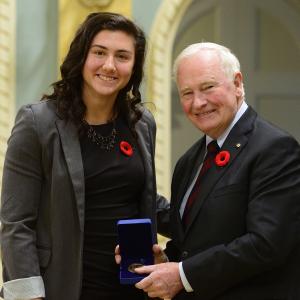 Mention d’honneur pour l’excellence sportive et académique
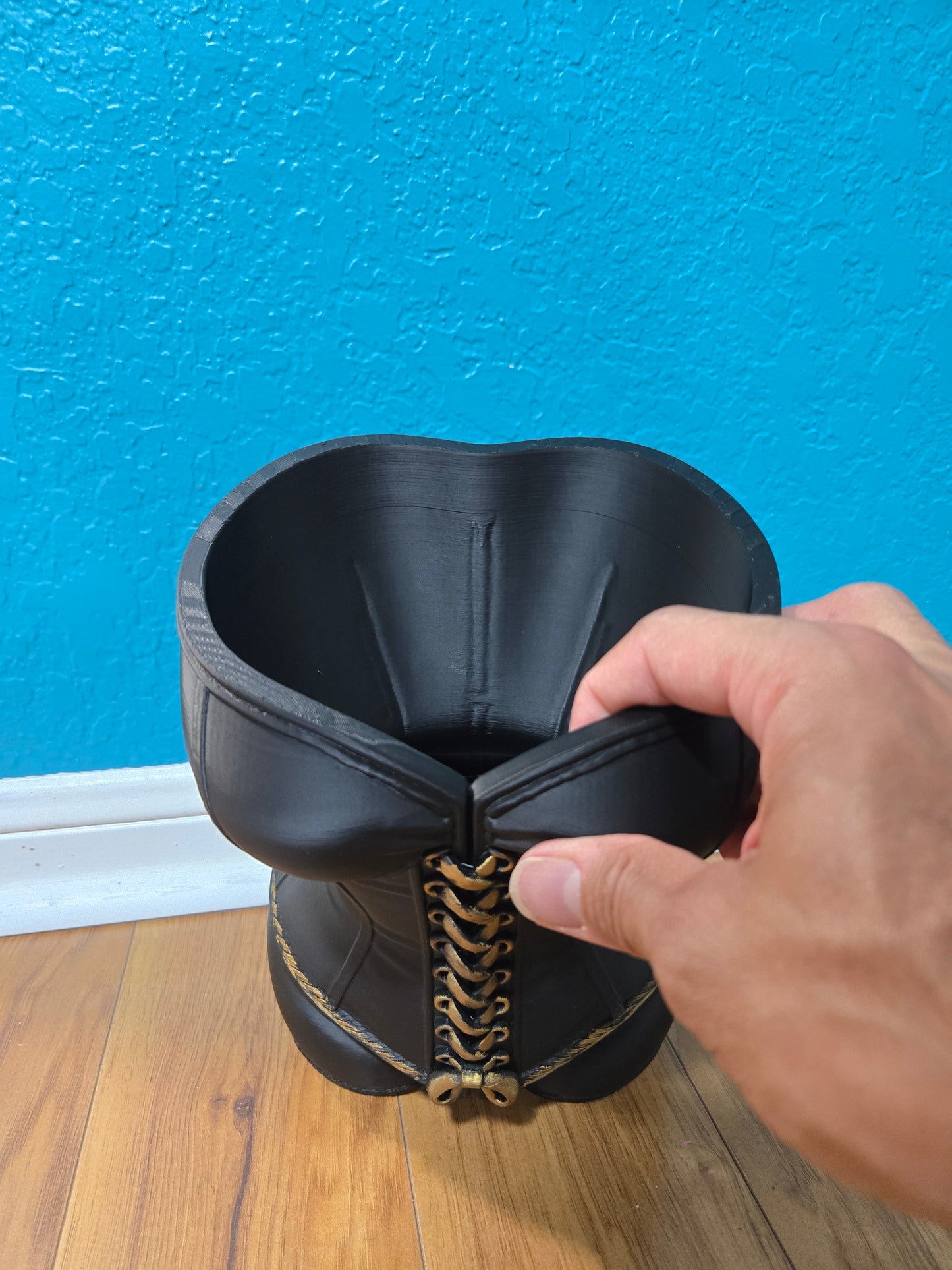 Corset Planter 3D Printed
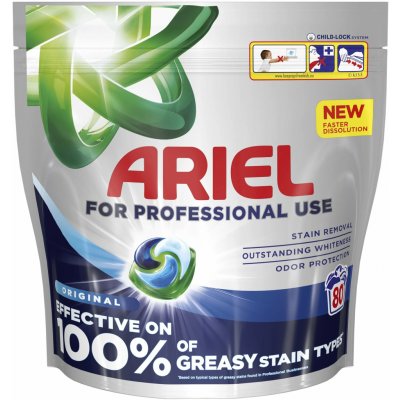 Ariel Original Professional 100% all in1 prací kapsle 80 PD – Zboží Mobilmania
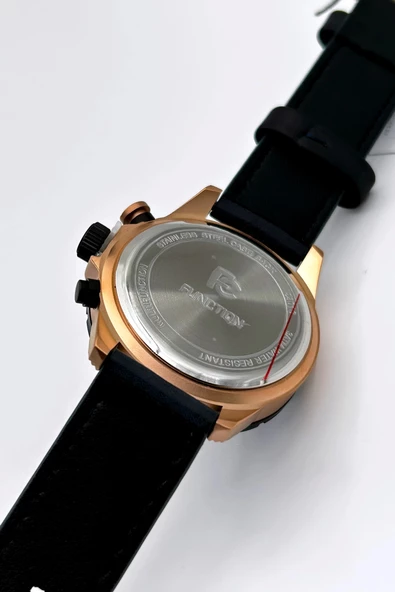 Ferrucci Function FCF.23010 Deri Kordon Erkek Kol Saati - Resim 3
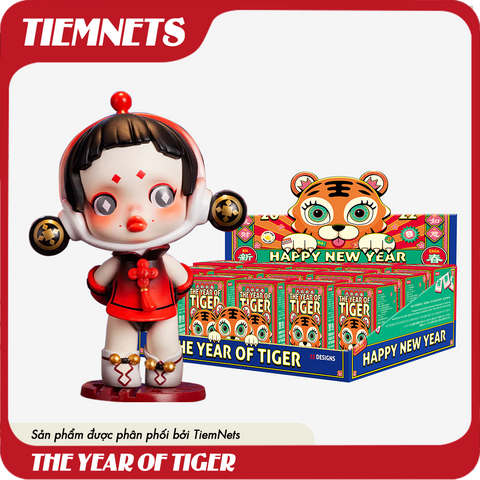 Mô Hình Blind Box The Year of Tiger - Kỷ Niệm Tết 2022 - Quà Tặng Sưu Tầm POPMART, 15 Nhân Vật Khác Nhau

========

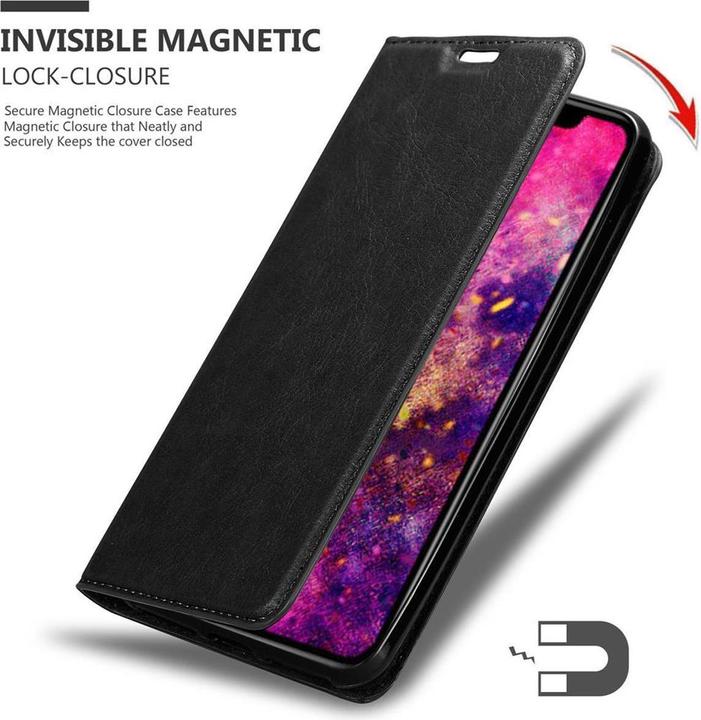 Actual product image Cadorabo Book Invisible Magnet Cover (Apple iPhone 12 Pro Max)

========

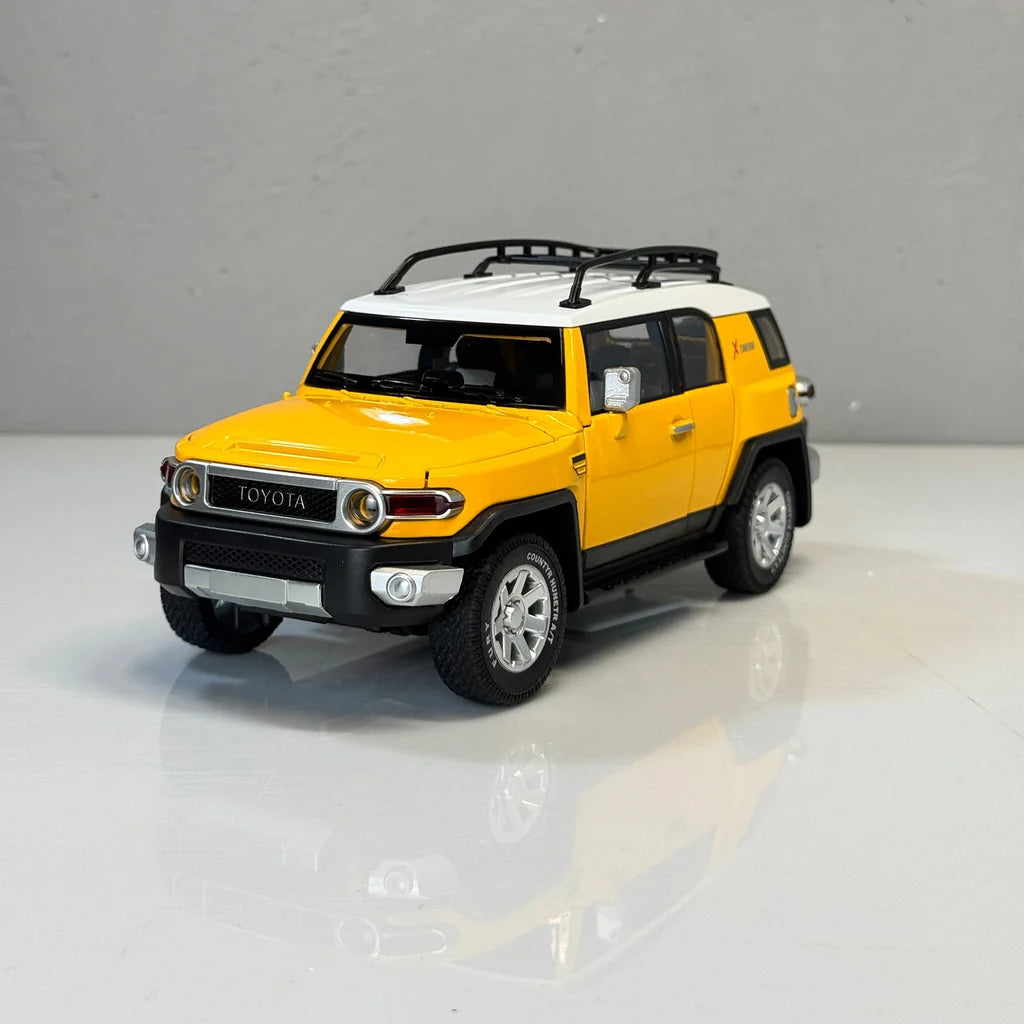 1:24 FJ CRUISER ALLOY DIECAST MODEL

========

Copy word for word only the lines above from the one with "Corset Planter 3D Printed" through the one with "Mô Hình Blind". Leave pictures out.

▶ [Task answer]:
 Corset Planter 3D Printed
 Ariel Original Professional 100% all in1 prací kapsle 80 PD – Zboží Mobilmania
 Ferrucci Function FCF.23010 Deri Kordon Erkek Kol Saati - Resim 3
 Mô Hình Blind Box The Year of Tiger - Kỷ Niệm Tết 2022 - Quà Tặng Sưu Tầm POPMART, 15 Nhân Vật Khác Nhau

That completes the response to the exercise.